# Backwoods slingshot



## Deleted member 15688 (Dec 26, 2016)

*Backwoods slingshot*

One day at my camp in the Huachucas, I was riding out a hail storm under my tarp, and getting a little bored. I decided to make a slingshot. I had with me some wide rubber banding material , given to me by my good friend Shawn Sprague in Maine.

It is a bit too wide to use as is, so I took my dura shears and cut a strip off the edge , about 18 inches long. Instead of cutting it and adding a cup made of leather (from a glove) or canvas (made from a torn up bag) , I simply torn a strip of duct tape from my Nalgene bottle and added a small piece to each side of the band where the cup should be.

This tape gives me an idea of where to load the ammo without actually looking at the slingshot. That way, I can run and shoot at the same time.

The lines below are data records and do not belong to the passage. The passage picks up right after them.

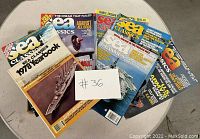Five Sea Classics magazines including a 1978 Yearbook laid out showing covers with ships images and magazine titles.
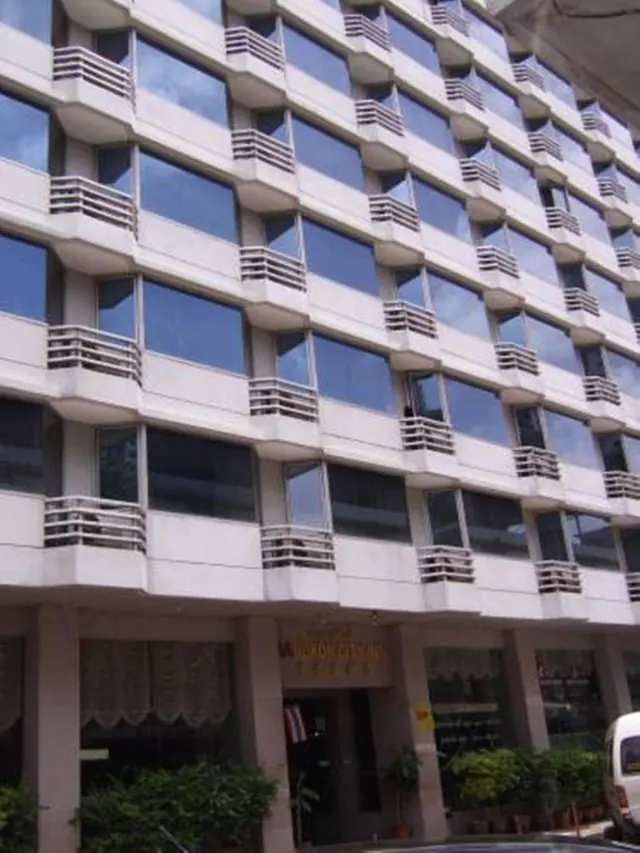 Exterior of a multi-storey building with a balconied facade, a ground-floor entrance with signage, potted plants and a white van at the right edge.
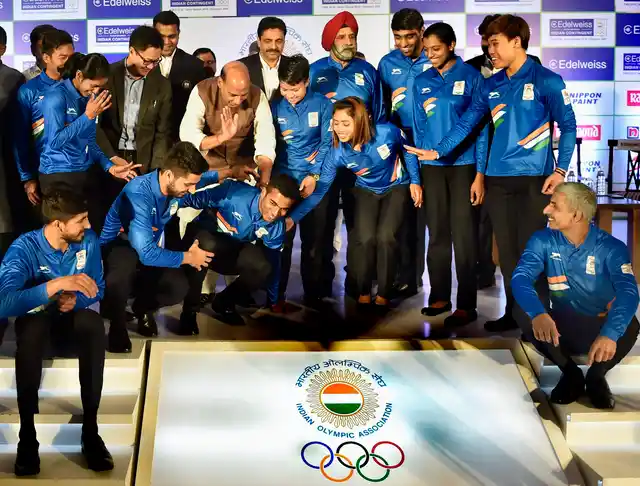 Rajnath Singh and Kiren Rijiju during a send-off ceremony for Indian athletes before the 2018 Commonwealth Games.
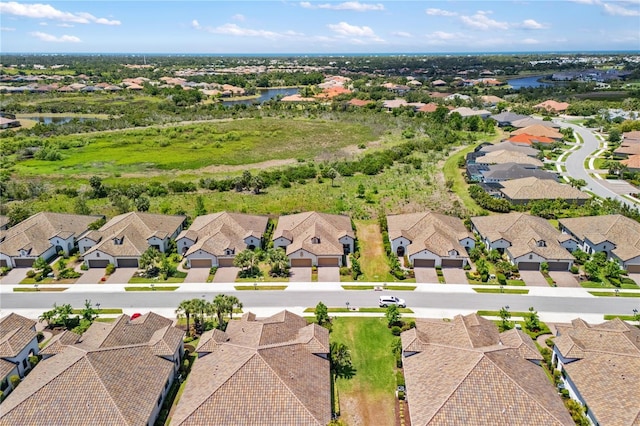 11125 Mcdermott Ct, Englewood, FL 34223 - drone / aerial view featuring a residential view and a water view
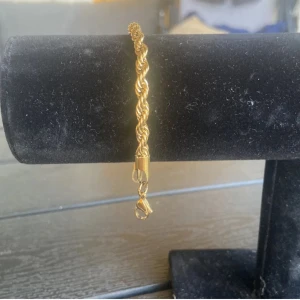 Guldigt tvinnat armband - Snyggt armband i guldig färg med tvinnad kedja, armbandet är i nytt skick, armbandet är inte i riktigt guld men är gjord av stål,18cm, 50kr
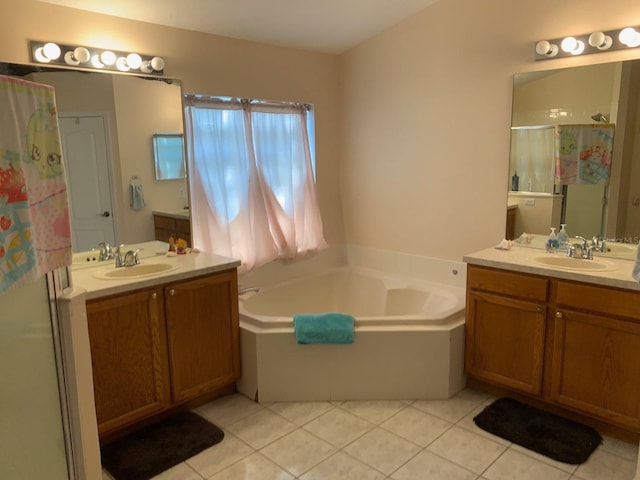 bathroom featuring plus walk in shower, vanity, and tile patterned floors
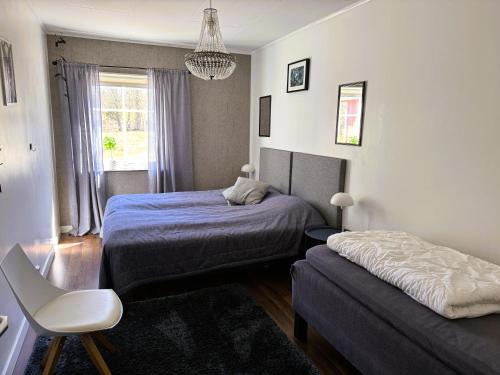 a bedroom with two beds and a chair in it at Ängshöjd in Sandhem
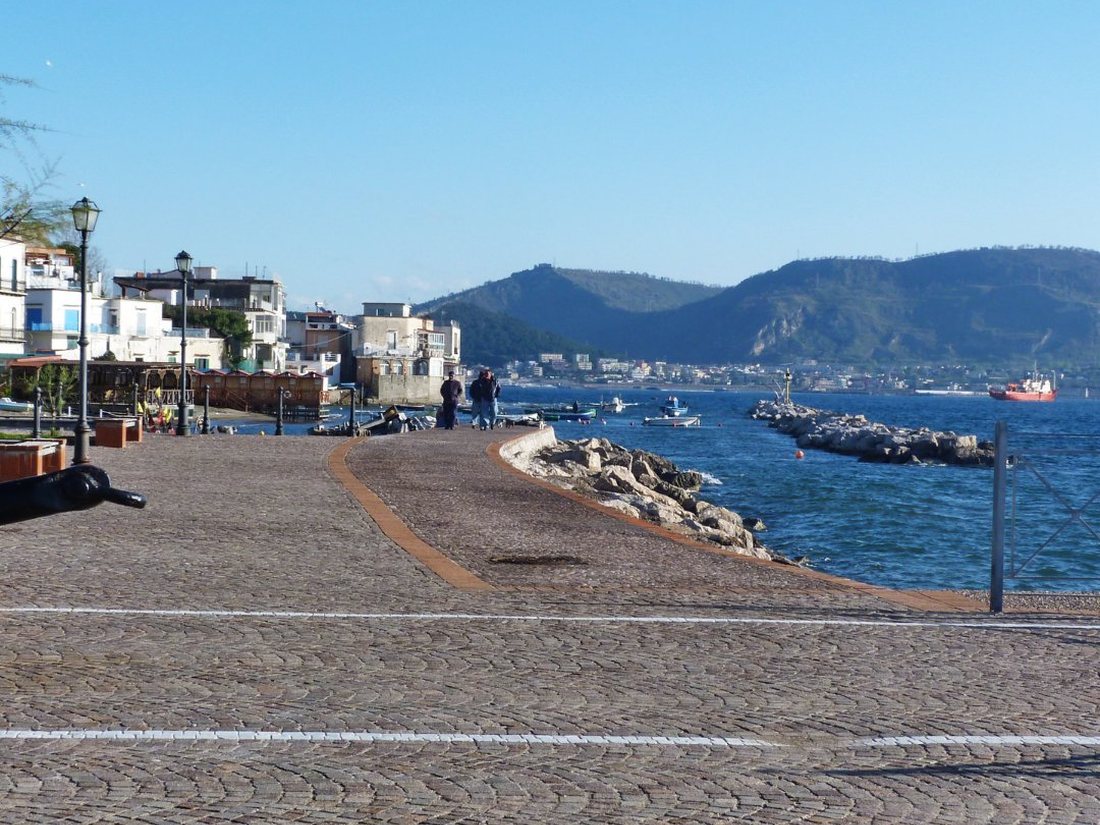 The cobbled seafront promenade of Bacoli on the Bay of Pozzuoli, with fishing boats and the volcanic headlands beyond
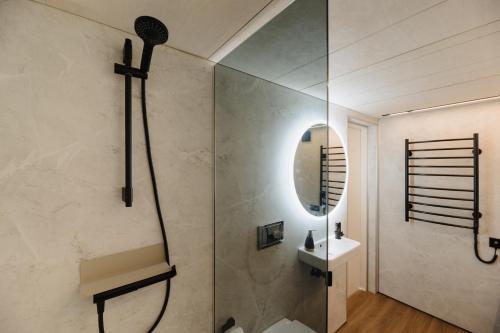 库雷萨雷Unique Tiny House at Saaremaa Golf & Country Club的带淋浴、盥洗盆和镜子的浴室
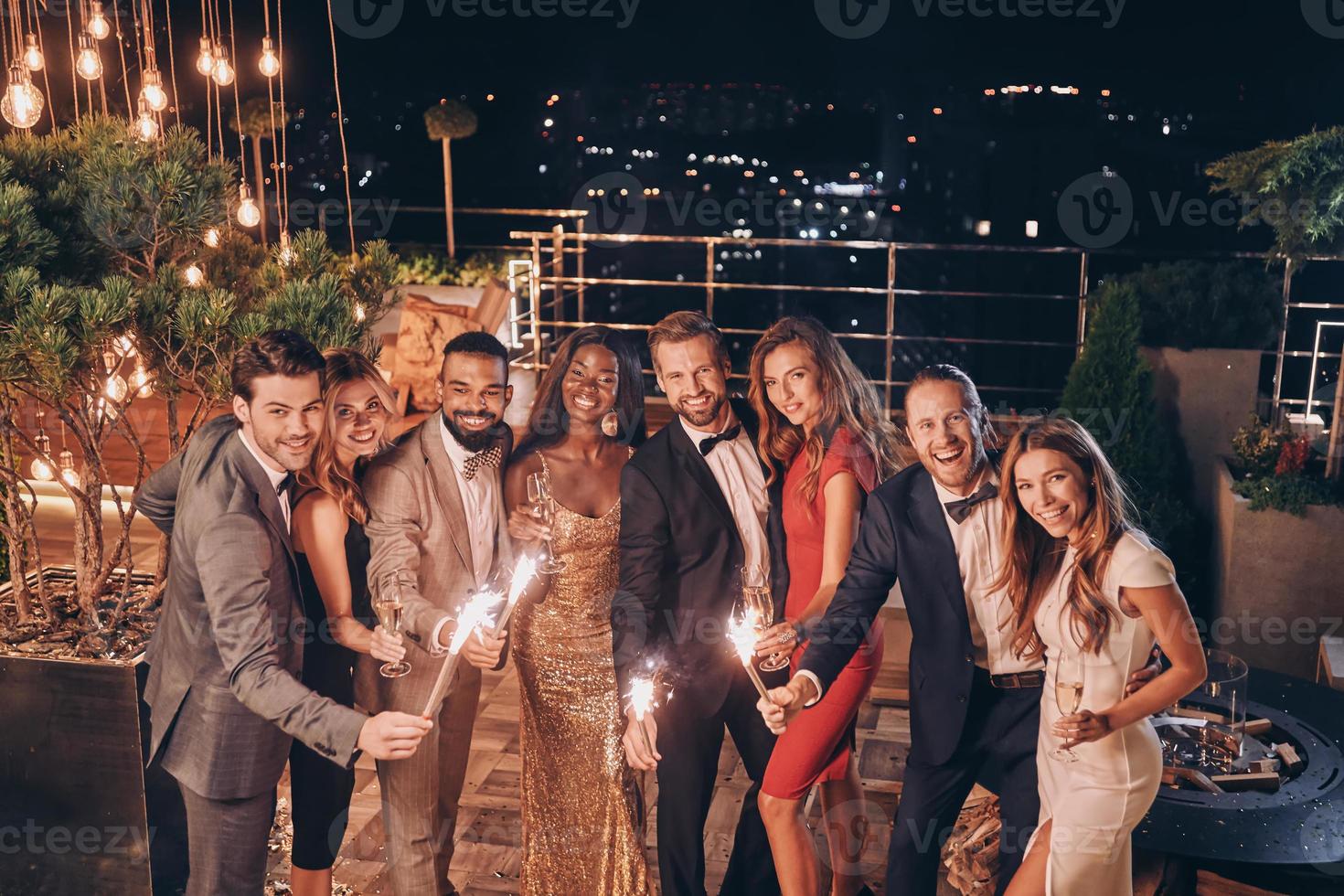 Gruppe schöner Menschen in formeller Kleidung, die Wunderkerzen halten und lächeln, während sie Zeit auf einer Party im Freien verbringen foto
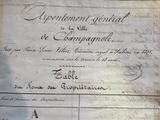 an old document with writing on it sitting on a table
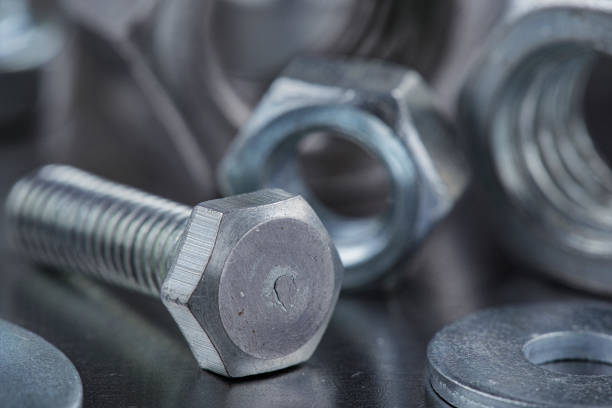 istock set of different nuts, bolts, screws, washers and drill bits,thread tap and mill cutters on steel plate background. Locksmithing deal. 1431232548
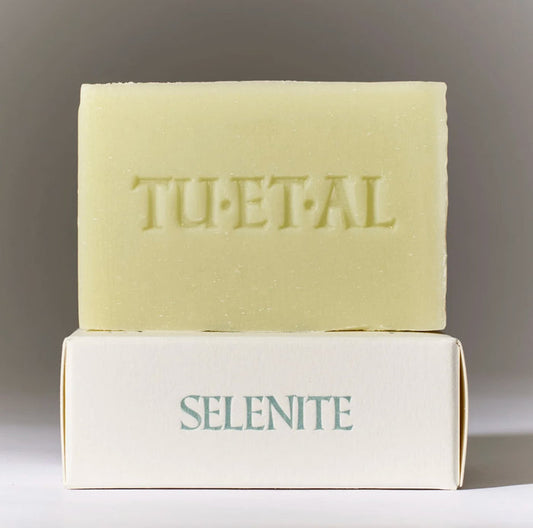 Bar of soap with 'TU•ET•AL' branding on a gray background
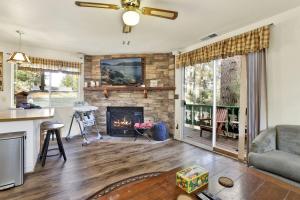 een woonkamer met open haard en een bank bij Green Squirrel Chateau by Big Bear Vacations in Big Bear Lake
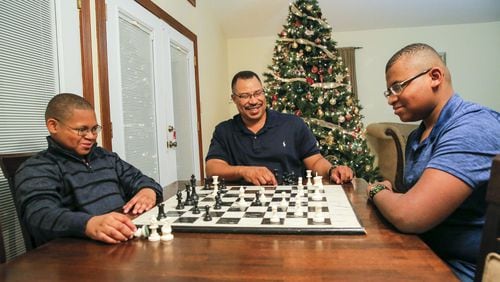 Corey McDaniel (middle) coaches his sons Corey Jr. (right), 14, and Christian, 11, in a game of chess at their Stone Mountain home this week. Corey, a single dad, lost his wife, Allison McDaniel, when she died suddenly after suffering complications from a seizure in 2016. ALYSSA POINTER / ALYSSA.POINTER@AJC.COM
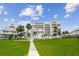 Condo building with bright green lawn, balconies, and easy access to nearby amenities at 17980 Gulf Blvd # 505, Redington Shores, FL 33708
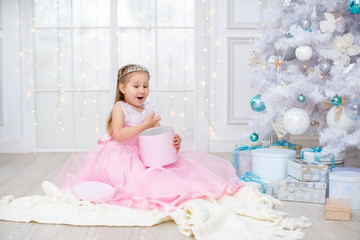 a child in the hall with a big white Christmas tree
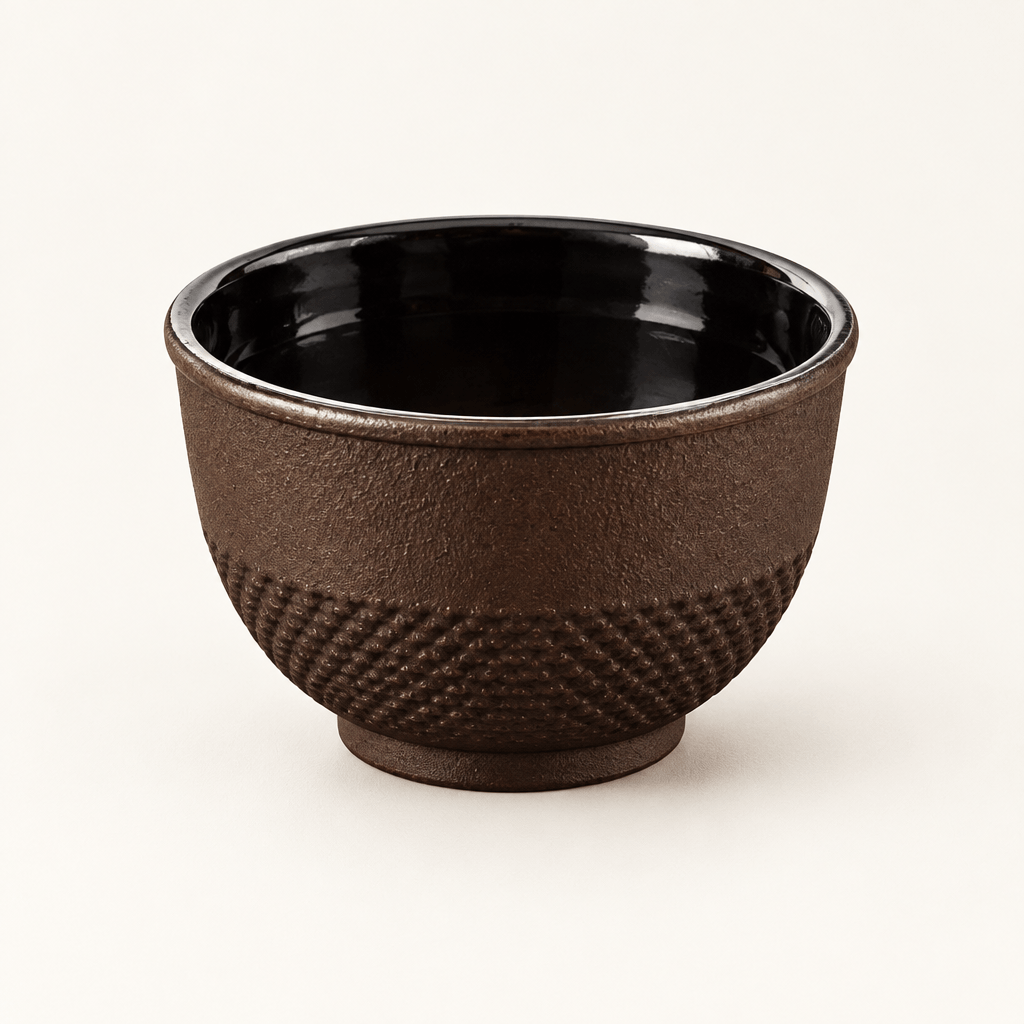 Single Brown Cast Iron Tea Cup on an ivory studio background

Many of the stones in this part of the mountains where I operate are edgy and it is difficult to find decent round or elliptical stones for ammo. Looking around I found a few stones that I made work. However, while “draining the main vein” I noticed some nicely shaped balls of pine pitch at the base of a Apache pine tree. There balls of pitch were roundish to elliptical and weighed about the same as the stones I was finding – perfect! This ammo put me in mind of the sling ammo used in the days of old – like David used to slay Goliath.

I was curious as to how fast this slingshot was shooting so, keeping in mind my 120 paces to 100 meters pace count, I stepped off 15 paces(= 37.5 feet or so), I took one of the semi large elliptical chunks of pitch , loaded it, drew back and let fly. – Wack! From release to impact with the Juniper tree, it was a count of 1 second. So I'm assuming it flies at 300 feet per second, or about 200 miles per hour(??). I'm totally guessing.

It was a lot of fun to make and play around with, I especially like the non-lethal pine pitch ammo, it was also low impact, but effective to ward off pesky squirrels.

See you on the trail,

Tomahawk


----------



## Tude (Dec 26, 2016)

Was always infatuated with a slingshot as a kid - sounds pretty cool!


----------



## Will Wood (Dec 27, 2016)

What is good band material for a fast shooter??


----------



## Deleted member 15688 (Dec 31, 2016)

Will Wood said:


> What is good band material for a fast shooter??


Surgical tubing works well

Sent from my C811 4G using the Squat the Planet mobile app!


----------



## Axemen (Jan 7, 2017)

Sounds like something fun I can do with my kids.


----------